Si passa in biblioteca. Il Monsignore è segretario della commissione "Famiglia e Vita" della Conferenza episcopale, il ministro del ramo: Zapatero il suo nemico. Sorride, quando dice «Zapatero»: in castigliano vuol dire ciabattino. Eppure i genitori del vescovo lavoravano in una fabbrica di scarpe. «Mia madre mi portava al lavoro ad allattarmi», si intenerisce. Il nonno del primo ministro fu fucilato da Franco, il padre del vescovo ferito in battaglia: era nel fronte repubblicano di Alicante ma «contro la sua volontà. Fu costretto a combattere, coscritto. Era un cattolico fervente, subì la tragedia». Costretto, subì. Nella biblioteca del figlio ci sono perciò solo testi che raccontano di costrizioni e menzogne. Kingsey, crimini e conseguenze, la menzogna del rapporto Kingsey sulle libertà e le inclinazioni sessuali. Le leggende nere della Chiesa di Vittorio Messori, prefazione di Biffi. Sartre, Bariona. «Un testo teatrale dell'ateo Sartre sulla meraviglia del Natale». Famiglia e autostima dello psichiatra cattolico Aquilino Polaino. «Un luminare». Polaino, docente di psicopatologia alla università cattolica di Madrid, sostiene che «i figli di coppie omosessuali hanno la tendenza a diventare omosessuali: un giorno i giovani cresciuti da coppie gay potranno denunciare lo Stato per aver compromesso gravemente la loro identità personale». Il Monsignore annuisce e sorride. Una ragazza slava («l'abbiamo sottratta alla tratta delle bianche») gli porta un bicchiere di vino dolce, fine del pasto.

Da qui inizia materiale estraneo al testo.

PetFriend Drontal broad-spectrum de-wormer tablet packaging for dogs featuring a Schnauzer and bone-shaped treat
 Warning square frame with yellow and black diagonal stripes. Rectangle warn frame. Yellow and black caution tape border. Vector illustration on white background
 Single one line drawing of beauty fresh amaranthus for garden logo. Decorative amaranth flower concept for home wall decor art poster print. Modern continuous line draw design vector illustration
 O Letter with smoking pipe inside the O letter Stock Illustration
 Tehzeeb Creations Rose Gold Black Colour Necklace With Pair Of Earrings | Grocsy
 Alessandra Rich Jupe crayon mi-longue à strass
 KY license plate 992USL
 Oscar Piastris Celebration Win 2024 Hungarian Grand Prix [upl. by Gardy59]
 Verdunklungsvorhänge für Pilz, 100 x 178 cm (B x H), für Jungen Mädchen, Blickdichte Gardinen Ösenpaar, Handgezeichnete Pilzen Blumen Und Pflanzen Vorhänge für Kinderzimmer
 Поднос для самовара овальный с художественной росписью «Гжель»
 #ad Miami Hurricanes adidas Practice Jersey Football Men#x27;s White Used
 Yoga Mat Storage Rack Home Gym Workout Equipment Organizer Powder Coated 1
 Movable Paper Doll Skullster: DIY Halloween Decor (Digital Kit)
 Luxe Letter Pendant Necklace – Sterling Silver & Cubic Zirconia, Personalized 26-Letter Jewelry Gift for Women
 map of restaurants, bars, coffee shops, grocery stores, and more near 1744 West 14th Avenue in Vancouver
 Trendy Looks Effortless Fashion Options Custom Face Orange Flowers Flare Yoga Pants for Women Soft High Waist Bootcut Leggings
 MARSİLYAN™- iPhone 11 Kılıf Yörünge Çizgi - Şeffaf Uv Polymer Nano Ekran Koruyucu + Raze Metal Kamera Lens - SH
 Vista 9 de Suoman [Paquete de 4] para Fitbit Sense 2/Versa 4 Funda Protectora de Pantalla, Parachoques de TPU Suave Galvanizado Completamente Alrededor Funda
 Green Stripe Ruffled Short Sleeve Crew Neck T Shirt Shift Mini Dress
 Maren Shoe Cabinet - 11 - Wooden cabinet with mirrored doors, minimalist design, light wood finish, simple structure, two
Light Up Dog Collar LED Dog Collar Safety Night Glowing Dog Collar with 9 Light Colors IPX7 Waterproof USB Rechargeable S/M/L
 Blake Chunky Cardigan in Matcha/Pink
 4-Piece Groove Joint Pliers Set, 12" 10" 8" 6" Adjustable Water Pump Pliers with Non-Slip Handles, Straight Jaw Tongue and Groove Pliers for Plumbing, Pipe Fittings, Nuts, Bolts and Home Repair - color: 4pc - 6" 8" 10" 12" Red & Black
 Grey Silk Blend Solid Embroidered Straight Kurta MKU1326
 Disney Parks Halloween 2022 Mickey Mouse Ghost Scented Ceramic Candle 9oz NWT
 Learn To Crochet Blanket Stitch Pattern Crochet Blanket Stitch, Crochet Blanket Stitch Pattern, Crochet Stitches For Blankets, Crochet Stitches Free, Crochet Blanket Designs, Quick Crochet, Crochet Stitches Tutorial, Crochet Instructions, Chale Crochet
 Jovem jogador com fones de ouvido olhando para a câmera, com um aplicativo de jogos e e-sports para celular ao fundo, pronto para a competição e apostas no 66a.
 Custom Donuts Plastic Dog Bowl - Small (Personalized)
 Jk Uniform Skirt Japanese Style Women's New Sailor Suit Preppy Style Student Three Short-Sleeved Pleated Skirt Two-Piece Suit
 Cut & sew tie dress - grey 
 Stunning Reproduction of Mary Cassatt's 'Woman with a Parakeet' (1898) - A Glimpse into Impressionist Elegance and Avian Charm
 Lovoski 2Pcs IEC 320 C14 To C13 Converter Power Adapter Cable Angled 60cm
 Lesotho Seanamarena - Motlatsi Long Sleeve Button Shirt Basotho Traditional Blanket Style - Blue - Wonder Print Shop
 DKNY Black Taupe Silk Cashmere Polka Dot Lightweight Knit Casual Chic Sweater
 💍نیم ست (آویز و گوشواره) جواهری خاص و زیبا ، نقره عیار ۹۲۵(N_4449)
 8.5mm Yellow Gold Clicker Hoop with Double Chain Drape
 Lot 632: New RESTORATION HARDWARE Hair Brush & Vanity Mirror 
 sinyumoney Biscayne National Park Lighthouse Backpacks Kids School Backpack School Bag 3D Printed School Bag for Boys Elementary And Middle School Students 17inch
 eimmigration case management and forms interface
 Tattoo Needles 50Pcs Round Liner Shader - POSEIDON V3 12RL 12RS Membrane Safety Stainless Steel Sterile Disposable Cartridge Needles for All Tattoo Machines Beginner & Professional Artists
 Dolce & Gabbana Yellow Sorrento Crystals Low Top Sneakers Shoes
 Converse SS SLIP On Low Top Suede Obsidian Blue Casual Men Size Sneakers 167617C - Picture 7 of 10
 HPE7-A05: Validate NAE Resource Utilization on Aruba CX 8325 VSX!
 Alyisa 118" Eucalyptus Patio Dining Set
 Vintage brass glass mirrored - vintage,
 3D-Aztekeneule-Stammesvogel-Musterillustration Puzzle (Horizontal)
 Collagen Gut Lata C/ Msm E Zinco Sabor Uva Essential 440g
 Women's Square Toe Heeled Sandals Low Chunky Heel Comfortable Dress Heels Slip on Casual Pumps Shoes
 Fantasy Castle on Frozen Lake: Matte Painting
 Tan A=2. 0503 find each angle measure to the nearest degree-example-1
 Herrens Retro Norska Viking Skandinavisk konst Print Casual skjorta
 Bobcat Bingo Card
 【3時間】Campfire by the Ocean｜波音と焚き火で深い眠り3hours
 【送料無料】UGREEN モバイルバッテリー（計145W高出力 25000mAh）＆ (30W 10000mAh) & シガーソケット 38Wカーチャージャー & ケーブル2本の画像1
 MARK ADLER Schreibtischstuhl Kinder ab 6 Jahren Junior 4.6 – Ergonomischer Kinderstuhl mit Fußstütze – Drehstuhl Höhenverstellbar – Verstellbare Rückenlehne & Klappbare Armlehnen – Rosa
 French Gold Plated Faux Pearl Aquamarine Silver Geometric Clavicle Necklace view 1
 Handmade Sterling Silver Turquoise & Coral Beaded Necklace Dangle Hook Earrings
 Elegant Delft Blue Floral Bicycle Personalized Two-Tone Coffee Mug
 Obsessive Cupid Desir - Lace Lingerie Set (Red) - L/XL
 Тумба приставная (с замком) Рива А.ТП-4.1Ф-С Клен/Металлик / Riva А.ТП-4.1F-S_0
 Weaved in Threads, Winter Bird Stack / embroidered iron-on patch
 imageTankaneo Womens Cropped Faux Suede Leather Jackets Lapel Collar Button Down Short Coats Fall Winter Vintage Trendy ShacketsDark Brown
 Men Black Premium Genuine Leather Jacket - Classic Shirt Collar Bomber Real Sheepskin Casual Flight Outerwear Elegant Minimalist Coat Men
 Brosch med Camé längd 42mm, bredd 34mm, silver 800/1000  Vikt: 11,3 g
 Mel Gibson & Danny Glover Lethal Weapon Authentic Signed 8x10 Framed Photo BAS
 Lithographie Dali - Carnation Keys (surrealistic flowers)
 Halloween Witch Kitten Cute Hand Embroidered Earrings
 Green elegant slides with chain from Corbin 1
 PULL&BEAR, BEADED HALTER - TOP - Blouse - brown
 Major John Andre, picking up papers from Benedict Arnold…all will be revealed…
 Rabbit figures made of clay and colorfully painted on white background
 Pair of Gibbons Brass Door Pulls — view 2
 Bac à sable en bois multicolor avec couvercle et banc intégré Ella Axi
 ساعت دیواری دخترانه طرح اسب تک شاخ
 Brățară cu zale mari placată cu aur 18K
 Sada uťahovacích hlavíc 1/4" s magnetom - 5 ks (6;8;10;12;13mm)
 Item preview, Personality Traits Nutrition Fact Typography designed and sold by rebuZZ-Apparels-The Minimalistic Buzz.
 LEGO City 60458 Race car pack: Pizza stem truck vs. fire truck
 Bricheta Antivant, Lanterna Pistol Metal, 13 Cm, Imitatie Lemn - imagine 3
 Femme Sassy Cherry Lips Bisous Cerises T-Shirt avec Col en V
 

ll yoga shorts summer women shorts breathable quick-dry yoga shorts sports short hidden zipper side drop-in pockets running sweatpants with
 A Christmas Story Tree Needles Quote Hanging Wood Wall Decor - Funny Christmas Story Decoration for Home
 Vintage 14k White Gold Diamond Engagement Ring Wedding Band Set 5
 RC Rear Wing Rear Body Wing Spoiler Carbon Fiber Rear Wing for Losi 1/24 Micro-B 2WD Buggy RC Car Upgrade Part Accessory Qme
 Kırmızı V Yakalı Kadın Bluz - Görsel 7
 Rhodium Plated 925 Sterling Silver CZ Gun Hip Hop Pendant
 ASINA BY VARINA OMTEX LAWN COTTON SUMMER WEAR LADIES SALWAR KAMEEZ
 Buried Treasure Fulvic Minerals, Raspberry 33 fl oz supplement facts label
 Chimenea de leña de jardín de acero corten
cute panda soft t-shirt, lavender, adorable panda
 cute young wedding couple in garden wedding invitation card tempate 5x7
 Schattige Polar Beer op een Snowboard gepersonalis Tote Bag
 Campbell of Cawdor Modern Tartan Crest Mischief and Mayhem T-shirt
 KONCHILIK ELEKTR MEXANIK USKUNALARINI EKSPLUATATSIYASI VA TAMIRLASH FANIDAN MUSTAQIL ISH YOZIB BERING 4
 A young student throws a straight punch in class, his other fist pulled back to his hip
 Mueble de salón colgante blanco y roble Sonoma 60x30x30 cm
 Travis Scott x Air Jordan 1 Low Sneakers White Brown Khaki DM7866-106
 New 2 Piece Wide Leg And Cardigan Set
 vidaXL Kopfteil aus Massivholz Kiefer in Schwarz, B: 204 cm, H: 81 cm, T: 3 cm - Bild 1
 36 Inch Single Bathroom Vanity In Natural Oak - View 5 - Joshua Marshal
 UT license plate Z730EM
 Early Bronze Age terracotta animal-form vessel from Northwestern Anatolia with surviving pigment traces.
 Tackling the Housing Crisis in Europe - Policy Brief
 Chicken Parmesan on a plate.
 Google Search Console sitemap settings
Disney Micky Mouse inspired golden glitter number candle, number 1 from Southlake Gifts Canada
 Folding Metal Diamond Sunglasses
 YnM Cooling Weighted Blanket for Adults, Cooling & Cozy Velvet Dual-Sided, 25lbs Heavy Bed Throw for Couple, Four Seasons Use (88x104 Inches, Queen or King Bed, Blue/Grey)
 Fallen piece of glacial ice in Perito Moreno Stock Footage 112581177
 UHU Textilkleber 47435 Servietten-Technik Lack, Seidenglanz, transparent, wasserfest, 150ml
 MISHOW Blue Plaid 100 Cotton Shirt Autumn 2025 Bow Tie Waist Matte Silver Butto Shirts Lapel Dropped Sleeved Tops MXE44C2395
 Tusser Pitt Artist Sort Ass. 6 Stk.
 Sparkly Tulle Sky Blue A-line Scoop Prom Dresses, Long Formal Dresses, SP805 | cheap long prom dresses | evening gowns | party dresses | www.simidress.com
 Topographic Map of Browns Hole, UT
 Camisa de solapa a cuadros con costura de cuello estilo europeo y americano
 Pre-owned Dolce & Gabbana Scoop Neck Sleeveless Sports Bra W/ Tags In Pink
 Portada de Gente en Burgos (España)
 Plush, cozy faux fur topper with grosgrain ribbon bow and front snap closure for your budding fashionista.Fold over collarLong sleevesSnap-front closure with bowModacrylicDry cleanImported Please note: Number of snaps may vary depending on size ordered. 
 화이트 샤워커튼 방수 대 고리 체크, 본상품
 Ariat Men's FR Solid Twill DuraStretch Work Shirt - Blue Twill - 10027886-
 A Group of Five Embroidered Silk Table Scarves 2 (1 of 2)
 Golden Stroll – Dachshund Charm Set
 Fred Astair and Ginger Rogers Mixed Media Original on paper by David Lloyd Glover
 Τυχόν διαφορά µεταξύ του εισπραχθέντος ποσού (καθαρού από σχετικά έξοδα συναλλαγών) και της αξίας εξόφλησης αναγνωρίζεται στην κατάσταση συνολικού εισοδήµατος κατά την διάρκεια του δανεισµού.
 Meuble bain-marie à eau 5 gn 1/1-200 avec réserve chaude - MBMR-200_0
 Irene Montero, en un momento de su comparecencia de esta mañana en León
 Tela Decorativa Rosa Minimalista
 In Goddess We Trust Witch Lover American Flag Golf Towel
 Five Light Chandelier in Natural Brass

Zapatero in biblioteca ha soprattutto poesia, il suo autore preferito è Borges. Si è laureato in Diritto, per quanto a Leòn, ma nei discorsi cita solo filosofi e poeti. «Un estremista», liquida la faccenda Reig Pla. «Ha riempito il suo governo di femministe radicali». Il Monsignore sul tema ha appena scritto un articolo, eccolo ben rilegato: il «femminismo radicale» nasce da Freud, si nutre di Marx e di Marcuse, si sposa con l'ideologia liberale in «un cocktail esplosivo che promuove l'antropologia individualista e scambia il sesso per il genere». Le femministe al governo, «otto su sedici, la metà dei ministri, hanno cambiato il linguaggio. Chiamano l'aborto "salute riproduttiva", l'omosessualità "stile di vita". Dicono che il sesso è un fatto culturale, non genetico. Propaganda: il sesso è determinato biologicamente. Ci sono gli uomini, e le donne, e basta». Zapatero sorride. Ascolta le obiezioni come un vecchio bolero: le sa già. Dice che è vero, lui si considera «non solo antimachista, proprio femminista».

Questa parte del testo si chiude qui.